Ideally something I could use for interior exterior would be good
Would like to use it for a range of construction things, horizontal line, drainage slopes, concrete levels, cabinet hanging, ceiling hanging, etc etc

----------


## namtrak

I use a Lufkin LaserPro LR502 which I have found to be excellent.  I've had it for about 3 years and from memory it cost around $600. 
If I was to buy another one, I would probably buy a self levelling one as it does take some time to get it right 
Cheers

----------


## Vernonv

Or go the $10 water level. As accurate as a laser level (more accurate than some) and much cheaper ... but not as quick to use (once setup). 
If you are going to depend on a laser level, then do as Namtrak suggests and get a very good quality self leveling one - there is nothing worse than using a crappy laser level and assuming everything is level only to find out down the track that the levels are all over the place.

----------


## Eastwing

Hilti PR 25, best laser I could find.

----------


## PlasterPro

was just looking at one at a plaster supply store . what they did have was new green light as aposed to red, the differance was amazing. if you have ever used a laser in a very light area and found it hard to pick up the beam, then imagine this the green beam could be seen out the shop window on the side of a van in the car park-on a bright day!!
anyway was extra $500 well woth it I thought. 
A1 lasers in keysbourgh is pretty good. Advice ect.., and have a special on once a year to recalobrate  :Wink:  
good luck and let us all know what you got.

----------


## sundancewfs

I have seen green laser one, it was almost twice the price of the red laser one.

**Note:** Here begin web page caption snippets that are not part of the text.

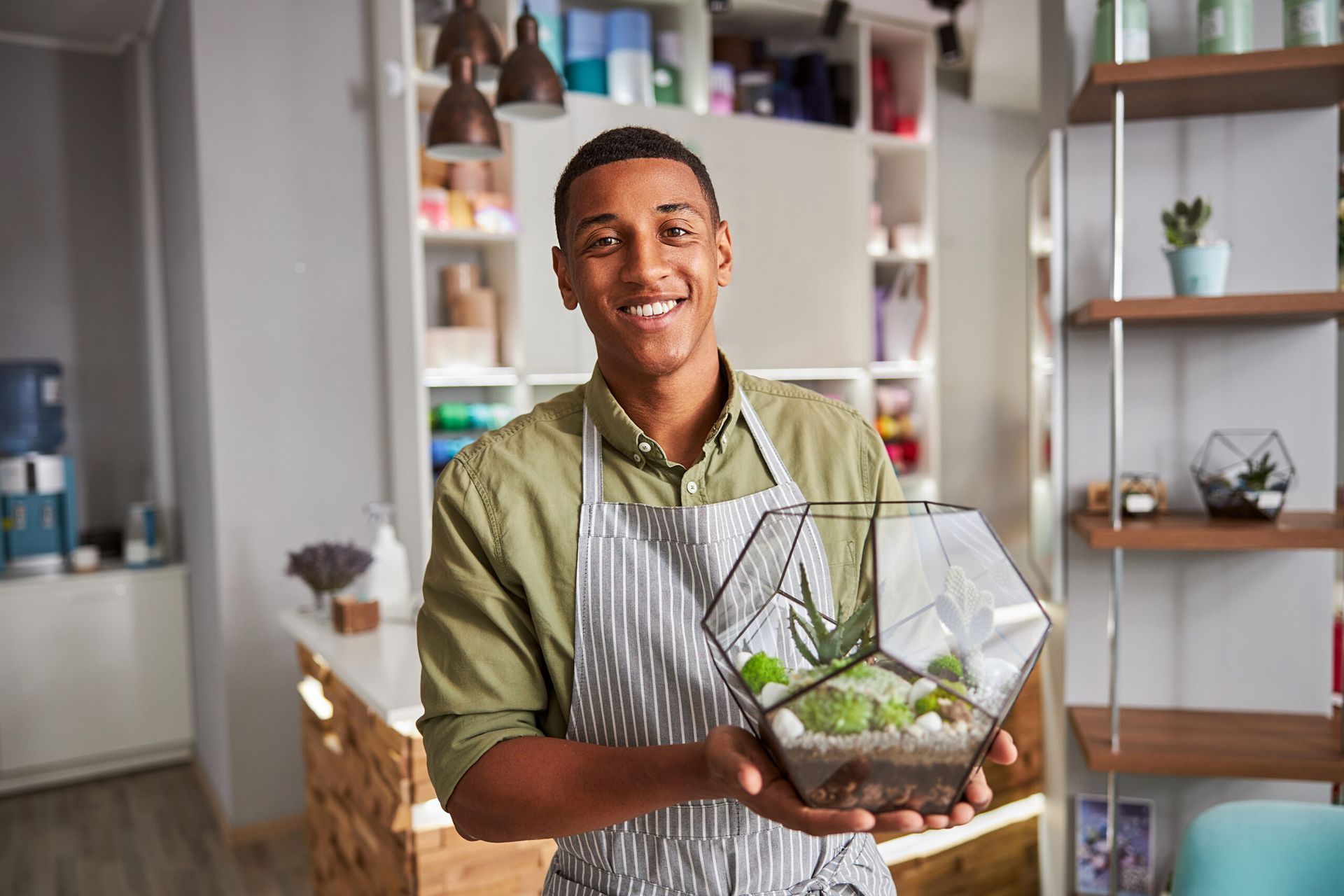 Smiling person holding a glass terrarium with plants in a bright room with shelves and decor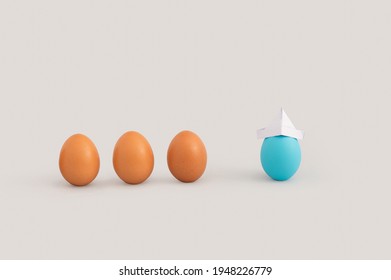
Creative Easter layout with raw eggs and blue egg wearing origami paper hat isolated on grey background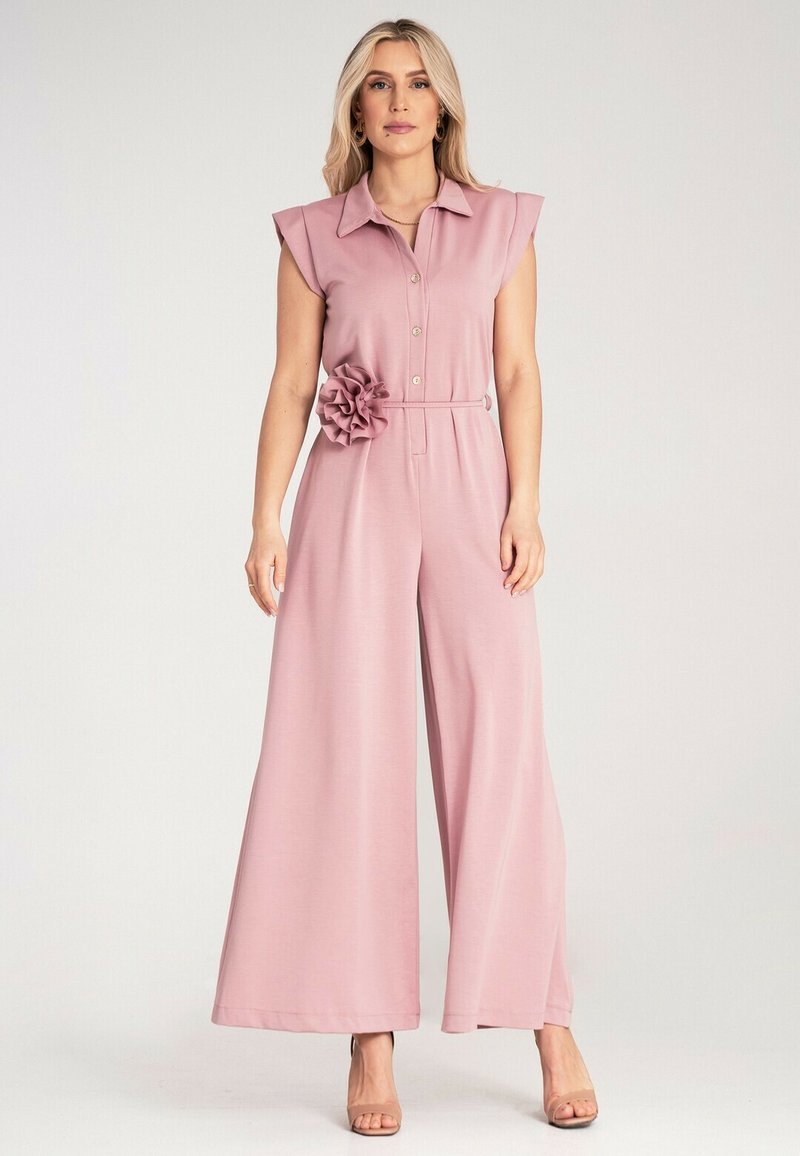 Różowy bezrękawnik z kołnierzykiem, zapinany na guziki z szerokimi nogawkami i kwiatowym akcentem w talii, wykonany z miękkiego materiału.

I don't think I could justify that... I do like the idea of the hilti. Its is similar to a Pacific Laser Systems one I was looking at.

----------


## sundancewfs

This is the one I decided to go with http://www.coastaltool.com/a/ab/pls/hvr505.htm 
when it arrives I'll let you know how it goes.....

----------


## PlasterPro

looks good wouldn`t mind one myself
what did the final price end up after conversion (I take it that its a US web site) and postage -insurance? did you try to find out if it can be serviced here in OZ?
cheers

----------


## autogenous

http://lasertools.com.au/prod53.htm

----------


## sundancewfs

> what did the final price end up after conversion (I take it that its a US web site) and postage -insurance? did you try to find out if it can be serviced here in OZ?

  Postage was $100US I have things shipped to a friends house and then he posts them on for me. As I still have a few US $, conversion wasn't an issue for me. 
Yes they are supported in Australia with dealers (Position Partners) in Dandenong and Epping. I did call them They said they can calibrate, but wouldn't cover any warrenty work. (understandably so, and I would not expect them to) They do sell this unit in Australia. I will buy a staff and tripod off them though as they are a bit big to post and the staffs for the US market are in inches.

----------